Agumbe, tipped as the cherrapunji of the South, is one of the wettest places in the world. I wanted to visit this place for photographing reptiles and amphibians that emerge out during monsoon. After missing it in last two monsoons, I visited ARRS this year. Quite an experience it was!

After a lot of thought, I dropped the temptation to drive and instead booked a bus to Agumbe. Arun dropped out at the last (few) hours of the trip. A few calls later, Hemant agreed to join. He was called in at about 6pm by other Arun. Bus was to leave at 10pm. Quite a lot of time? Not so if you are in Mumbai. 6:10pm – Mumbai Airport. 6:30pm – flight from Mumbai to Bangalore. 8:00pm at BIAL. At 9pm, Hemant is at bus stand. Roughly at about 10:15 the bus took off. Gerry, Josh, Farid and Nathan were in the same bus.

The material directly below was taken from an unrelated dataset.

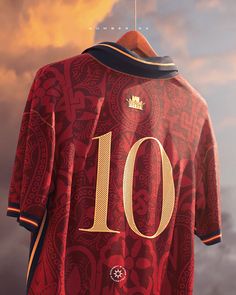 a soccer jersey with the number 10 on it is hanging in front of a cloudy sky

A wearing 9 hour journey got us to Agumbe by 7:30am. It was raining. Yeah, this is what you expect here. Josh and others left in a jeep, while Arun, Hemant and I looked for autos. After searching a transport for 10-15min, we decided to walk, in the pouring rain, to ARRS that is about 2-3km from the bus stand. Though excited initially, we realized the walk was not worth in the pouring rain carrying our reasonably heavy baggage.

At the camp, met Harish, Chetana and others. I was tired, thanks to my incapability to sleep in bus and thanks to my sleeplessness in the last few days. Took some rest. Then, tried out the Canon 100mm macro lens and Canon Speedlite 430EX II. I was getting used to this gear I had borrowed from Selva and Sandeep. During lunch, chatted with Harish, Gerry, Josh, Vinay and others and later ventured out for a ‘walk’ with Gerry.

Dew drops

I was expecting to walk around the camp, maybe venture into wood, but not walk in a stream for 2-3kms! It was fun, no doubt. Provided incredible photo opportunities as well. Gorillapod came in very handy to capture some long exposure shots.

Stream close to ARRS

I still was checking out the locales and was tring to shoot a timelapse, which was coming out fine until someone started walking on the log that i was resting my camera on. Here’s a peek:

Chetana in yellow, Gerry in green, Farid in blue boots, Nathan in black and Dhamini crossing the stream. I had to cut short my shoot and continued the walk. It was an incredible test for my new woodland shoes. I thought of the quote ‘While you own something, no matter what it is, use it as hard as you can and enjoy it.‘ and moved ahead.

The water level was changing as we walked, and the algae coated stones/rocks were slippery. It was raining perpetually. Good test for EOS 450D and 18-55mm I thought. I had tucked the cam under my rain jacket when not shooting. My confidence with rain-handling-capabilities of my cam grew as we walked more and more. I begun to use it without much care. Stupid mistake! A sudden drop and rise in water level. My foot went a feet lower, and my cam took a dip. That’s the end of it!

I had switched off my cam, fortunately, when it took a dip. Got back to the room to dry it. The worst part of the place is that nothing dries, not even your hand kerchief. Not even the fire wood, I realized, as it took considerable effort to lit the fire.

Since my camera was unusable, I had to borrow Nikon D90 when we found a Malabar Pit Viper. On one had, I was disappointed to have my camera dead while on the other I was excited to see this snake.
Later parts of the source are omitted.